Task inputs -
====

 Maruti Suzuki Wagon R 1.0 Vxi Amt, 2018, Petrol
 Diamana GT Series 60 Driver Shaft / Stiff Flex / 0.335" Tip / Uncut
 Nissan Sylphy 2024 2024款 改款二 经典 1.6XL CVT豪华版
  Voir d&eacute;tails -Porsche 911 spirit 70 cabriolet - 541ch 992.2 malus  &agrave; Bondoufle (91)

====

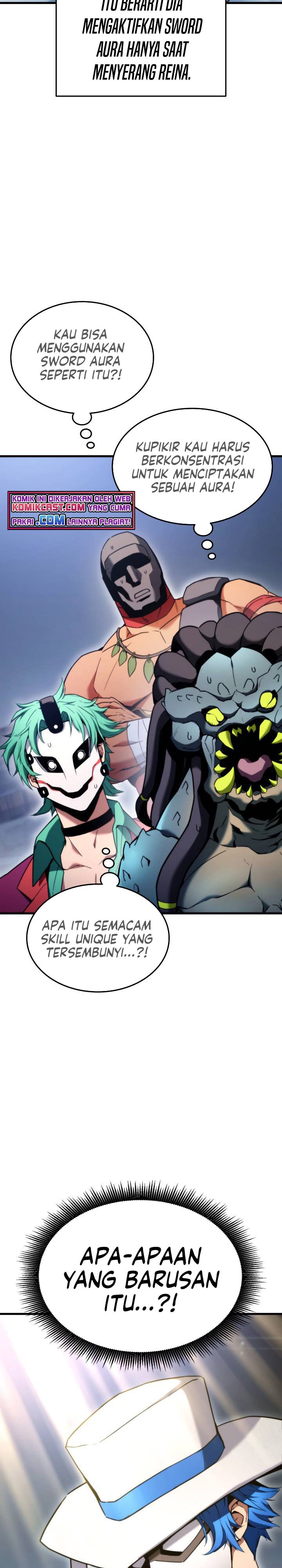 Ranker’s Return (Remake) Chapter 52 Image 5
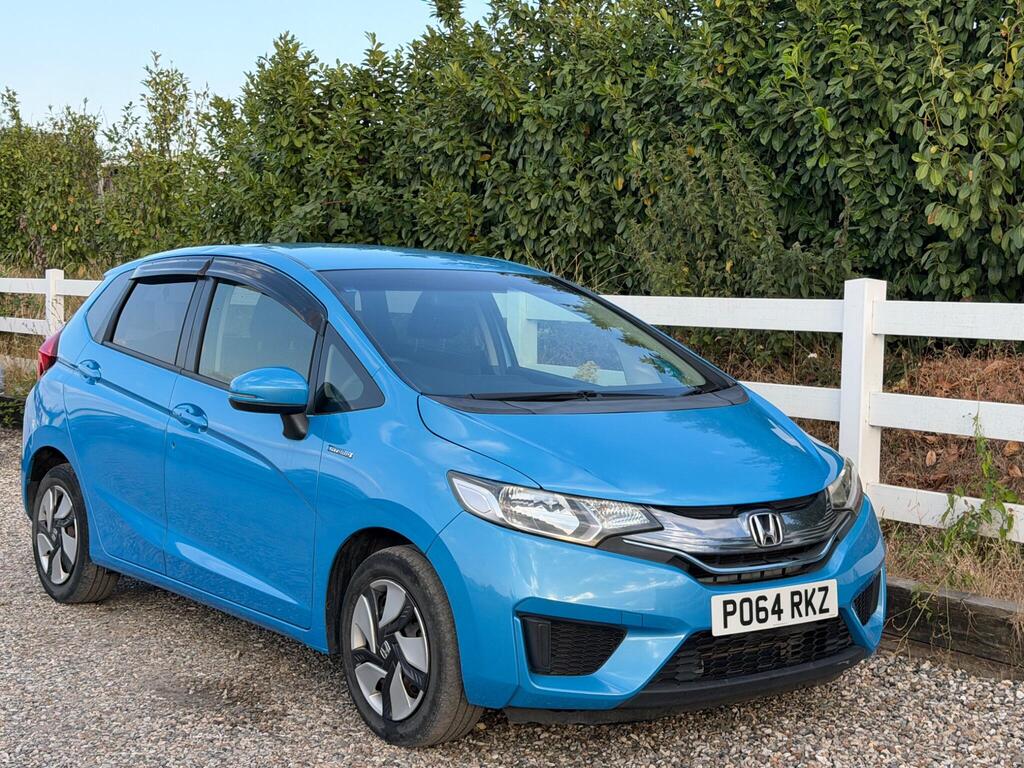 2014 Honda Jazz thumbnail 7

====

Exercise aim - Which lines run from the one holding "Nissan Sylphy 2024 2024款 改款二 经典 1.6XL CVT豪华版" through the one holding "Voir d&eacute;tails -Porsche" in the records above? Repeat them exactly, both included, and nothing more.

Answer section -
 Nissan Sylphy 2024 2024款 改款二 经典 1.6XL CVT豪华版
  Voir d&eacute;tails -Porsche 911 spirit 70 cabriolet - 541ch 992.2 malus  &agrave; Bondoufle (91)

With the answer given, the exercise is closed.